***** AVAILABLE RECORDS *****

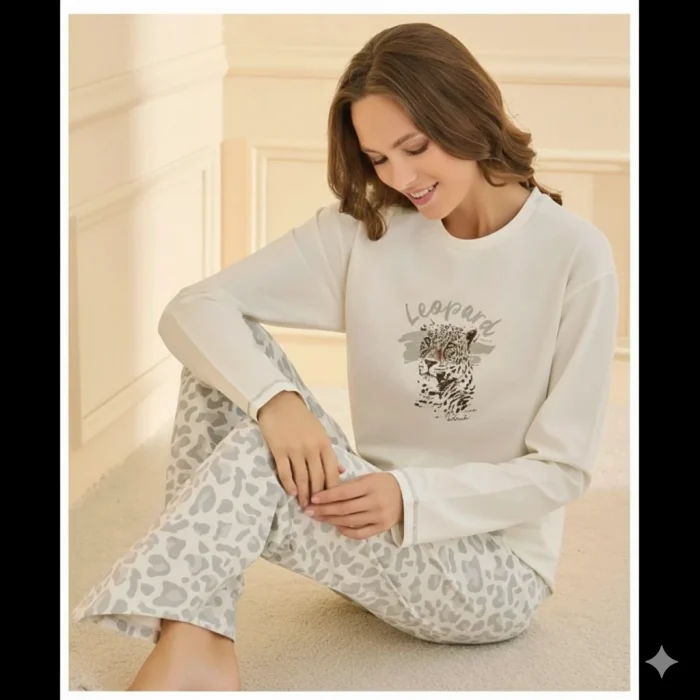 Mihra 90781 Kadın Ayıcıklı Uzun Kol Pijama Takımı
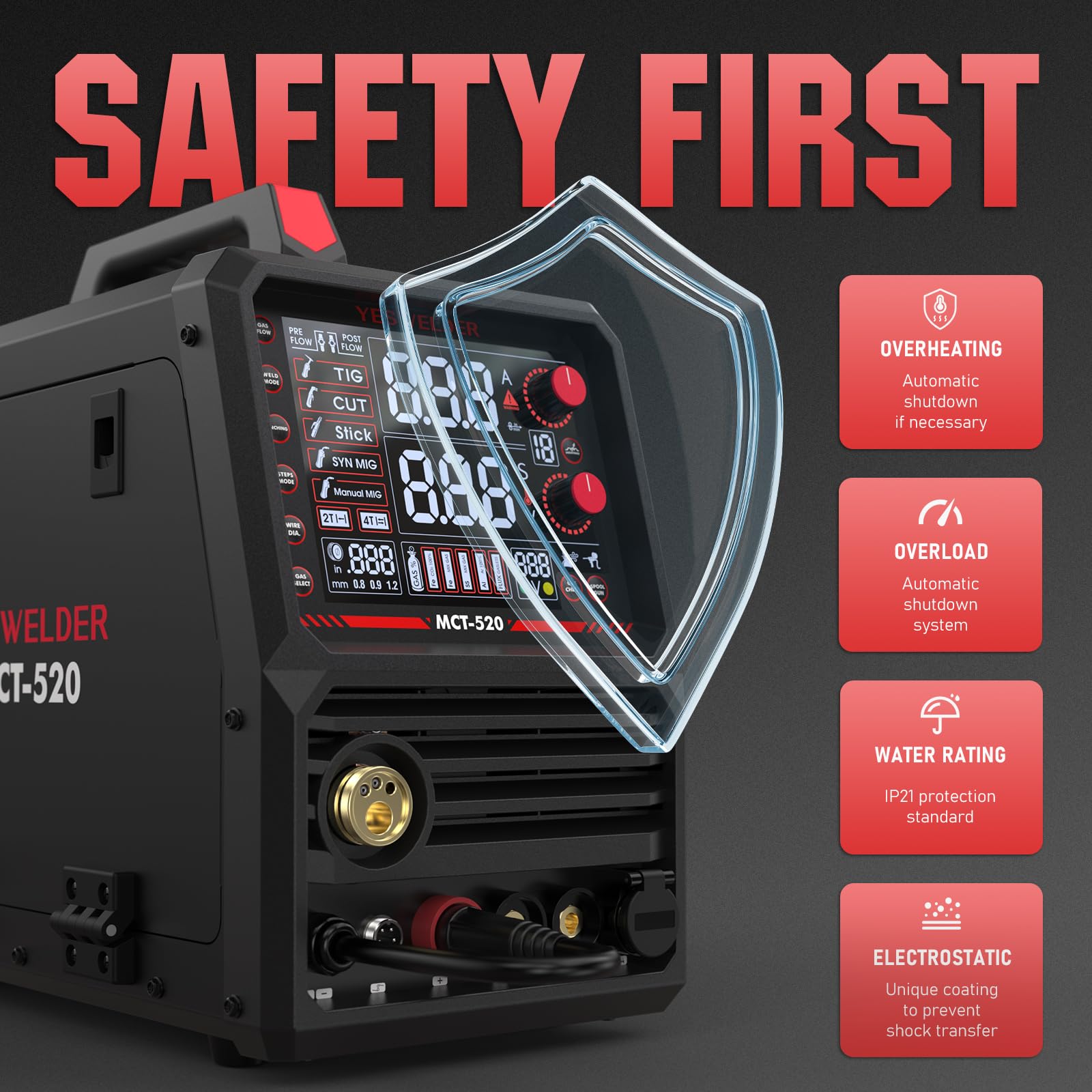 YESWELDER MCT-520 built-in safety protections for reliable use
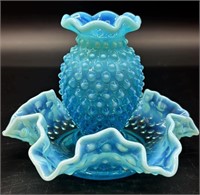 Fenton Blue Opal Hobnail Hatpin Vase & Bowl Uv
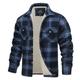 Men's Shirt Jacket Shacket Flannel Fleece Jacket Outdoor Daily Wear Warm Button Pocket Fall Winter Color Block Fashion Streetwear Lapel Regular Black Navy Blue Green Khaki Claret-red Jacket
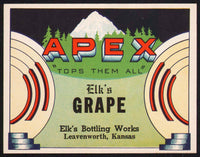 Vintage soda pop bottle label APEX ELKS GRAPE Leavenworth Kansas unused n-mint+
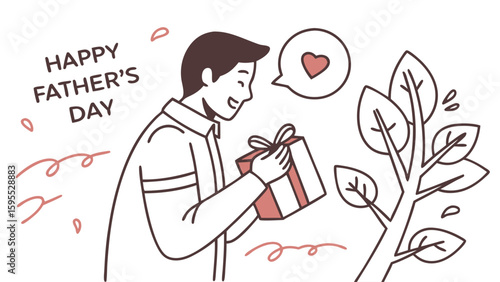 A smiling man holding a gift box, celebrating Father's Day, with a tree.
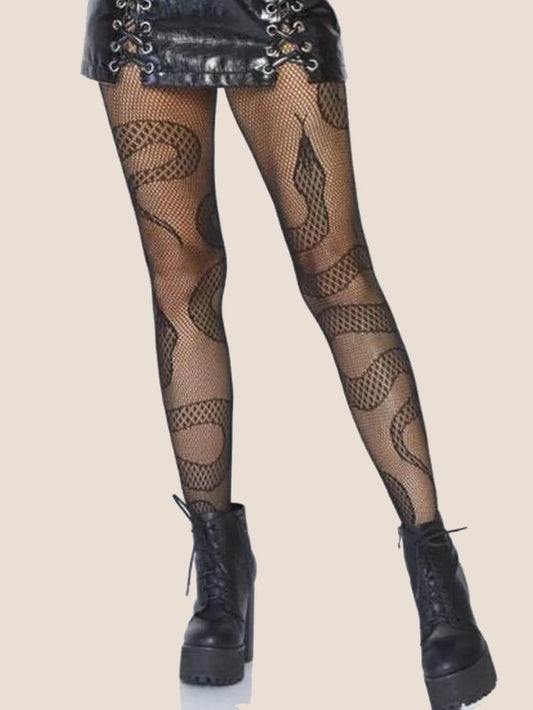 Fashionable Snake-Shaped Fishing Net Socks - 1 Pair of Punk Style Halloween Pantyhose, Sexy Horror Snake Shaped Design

*****
***** AVAILABLE RECORDS *****

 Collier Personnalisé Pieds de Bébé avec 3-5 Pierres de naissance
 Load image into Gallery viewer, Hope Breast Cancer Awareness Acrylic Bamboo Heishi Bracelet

*****
***** AVAILABLE RECORDS *****

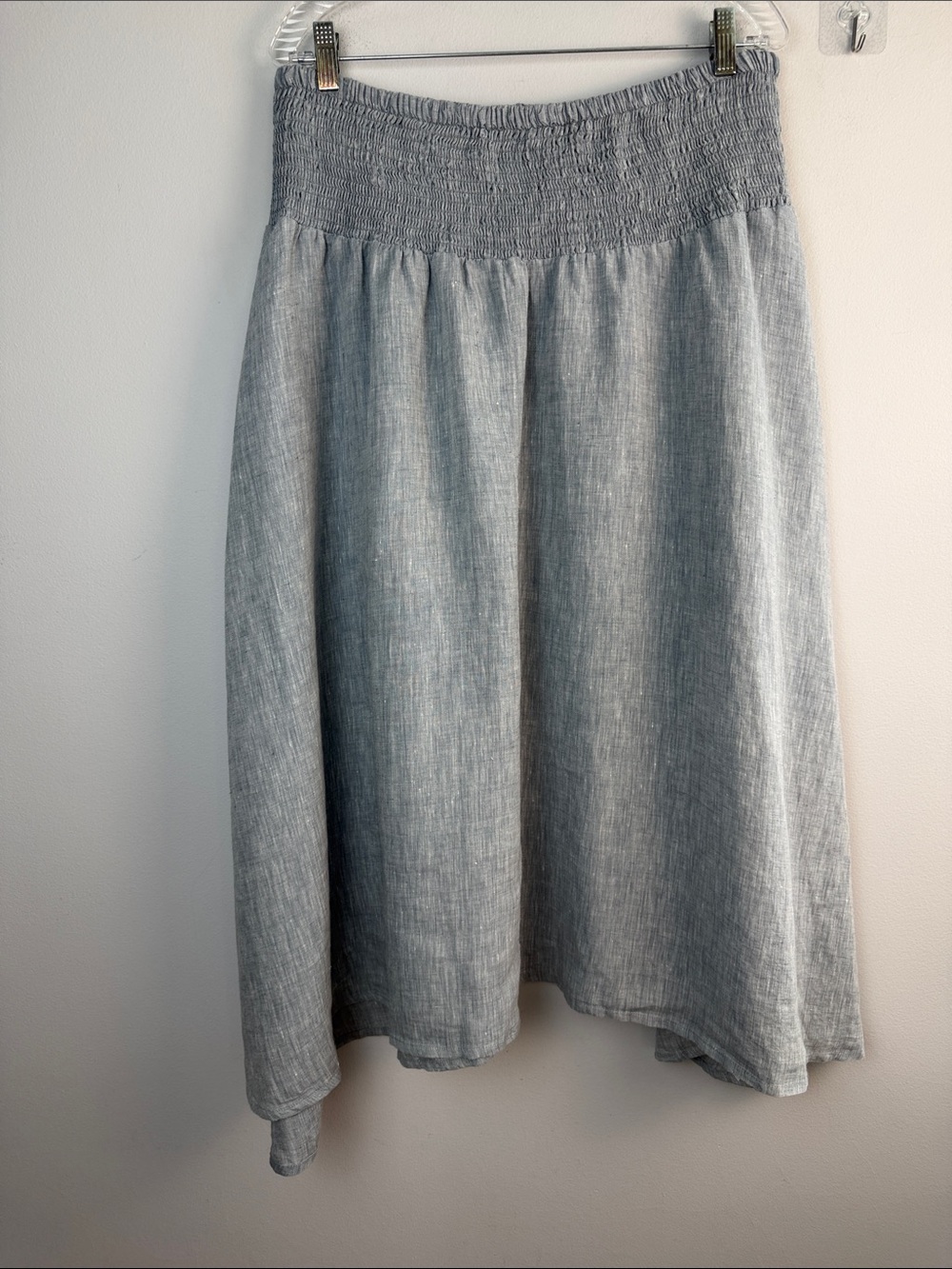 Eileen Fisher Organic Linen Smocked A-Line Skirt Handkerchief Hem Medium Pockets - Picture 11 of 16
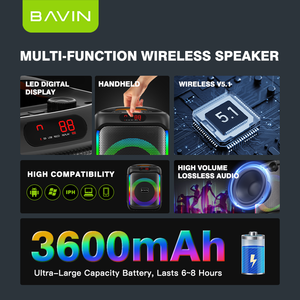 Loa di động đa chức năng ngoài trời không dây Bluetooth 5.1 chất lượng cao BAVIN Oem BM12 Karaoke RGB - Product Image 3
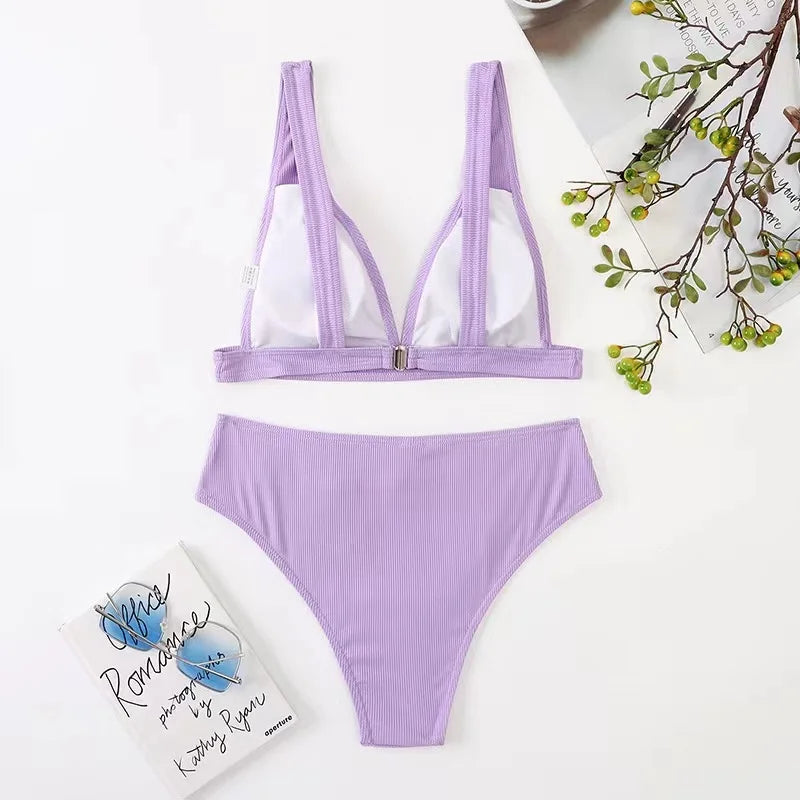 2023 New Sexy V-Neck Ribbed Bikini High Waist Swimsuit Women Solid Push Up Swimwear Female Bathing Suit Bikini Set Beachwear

*****

» EXERCISE PROMPT
Exact copy, pictures excluded: from the line with "Mihra 90781 Kadın" up to and including the line with "Fashionable Snake-Shaped Fishing" in the data above.

» EXERCISE RESPONSE
 Mihra 90781 Kadın Ayıcıklı Uzun Kol Pijama Takımı
 YESWELDER MCT-520 built-in safety protections for reliable use
 Fenton Blue Opal Hobnail Hatpin Vase & Bowl Uv
 Men's Shirt Jacket Shacket Flannel Fleece Jacket Outdoor Daily Wear Warm Button Pocket Fall Winter Color Block Fashion Streetwear Lapel Regular Black Navy Blue Green Khaki Claret-red Jacket
 Vintage soda pop bottle label APEX ELKS GRAPE Leavenworth Kansas unused n-mint+
 A smiling man holding a gift box, celebrating Father's Day, with a tree.
 Fashionable Snake-Shaped Fishing Net Socks - 1 Pair of Punk Style Halloween Pantyhose, Sexy Horror Snake Shaped Design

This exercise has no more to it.